Tak semua yang lampau itu, sesuatu yang nir-makna. Zaman boleh berubah, tetapi sebagian 'nilai' yang tersembul pada masa lalu, tetap hidup dan relevan untuk konteks saat ini. Warisan masa lalu itu, diawetkan dalam rupa-rupa bentuk. Salah satunya adalah sastra lisan.


Sebelum tradisi tulis muncul dan berkembang pesat, semua peninggalan leluhur itu diabadikan dalam bentuk mitos, cerita, syair lagu, ukiran, dan pelbagai artefak yang lainnya. Kita perlu 'menambang' aneka mutiara makna itu melalui interpretasi terhadap cerita dan nyanyian rakyat.

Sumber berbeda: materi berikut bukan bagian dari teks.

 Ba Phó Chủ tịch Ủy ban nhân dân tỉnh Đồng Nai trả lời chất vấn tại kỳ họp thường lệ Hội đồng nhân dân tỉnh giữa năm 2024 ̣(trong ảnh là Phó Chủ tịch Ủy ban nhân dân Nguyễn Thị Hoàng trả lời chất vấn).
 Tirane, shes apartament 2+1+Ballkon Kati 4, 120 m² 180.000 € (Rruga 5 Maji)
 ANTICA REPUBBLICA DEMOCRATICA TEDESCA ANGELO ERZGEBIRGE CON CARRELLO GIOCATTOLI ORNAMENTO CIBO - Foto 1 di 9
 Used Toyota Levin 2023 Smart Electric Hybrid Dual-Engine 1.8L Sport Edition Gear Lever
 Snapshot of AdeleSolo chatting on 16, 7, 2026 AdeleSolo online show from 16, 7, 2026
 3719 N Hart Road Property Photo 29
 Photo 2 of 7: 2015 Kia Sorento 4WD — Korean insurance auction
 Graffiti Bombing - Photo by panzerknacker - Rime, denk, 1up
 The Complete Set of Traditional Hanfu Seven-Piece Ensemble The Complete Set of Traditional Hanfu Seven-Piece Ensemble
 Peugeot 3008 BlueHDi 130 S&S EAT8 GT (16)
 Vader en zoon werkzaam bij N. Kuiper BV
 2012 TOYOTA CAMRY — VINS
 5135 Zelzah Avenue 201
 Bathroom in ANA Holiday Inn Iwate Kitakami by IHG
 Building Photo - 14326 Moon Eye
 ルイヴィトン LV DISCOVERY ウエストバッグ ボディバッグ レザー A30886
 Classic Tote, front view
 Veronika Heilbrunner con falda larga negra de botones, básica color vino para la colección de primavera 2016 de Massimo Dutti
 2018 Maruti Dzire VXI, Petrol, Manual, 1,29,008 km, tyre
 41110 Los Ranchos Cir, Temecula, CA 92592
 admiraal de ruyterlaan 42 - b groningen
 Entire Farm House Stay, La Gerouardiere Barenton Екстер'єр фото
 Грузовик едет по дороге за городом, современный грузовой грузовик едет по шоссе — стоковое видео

Dalam tulisan ini, saya coba menafsir arti balik penggalan syair yang dinyanyikan sambil bermain oleh anak-anak di wilayah Hamente Boleng tempo dulu. Ungkapan (go'et) Manggarai dialek Boleng yang dijadikan judul tulisan ini coba diinterpretasi seturut konteks zaman sekarang. 


Sudah lama penulis tak mengucapkan dan menyanyikan ungkapan itu yang biasanya dilantunkan oleh para bocah di halaman kampung bila hari telah senja atau di kala musim purnama tiba. Dahulu, saat masih bocah ingusan, kami sering menggunakan syair ini untuk mempererat kekompakan dan pertemanan dalam sebuah kelompok permainan.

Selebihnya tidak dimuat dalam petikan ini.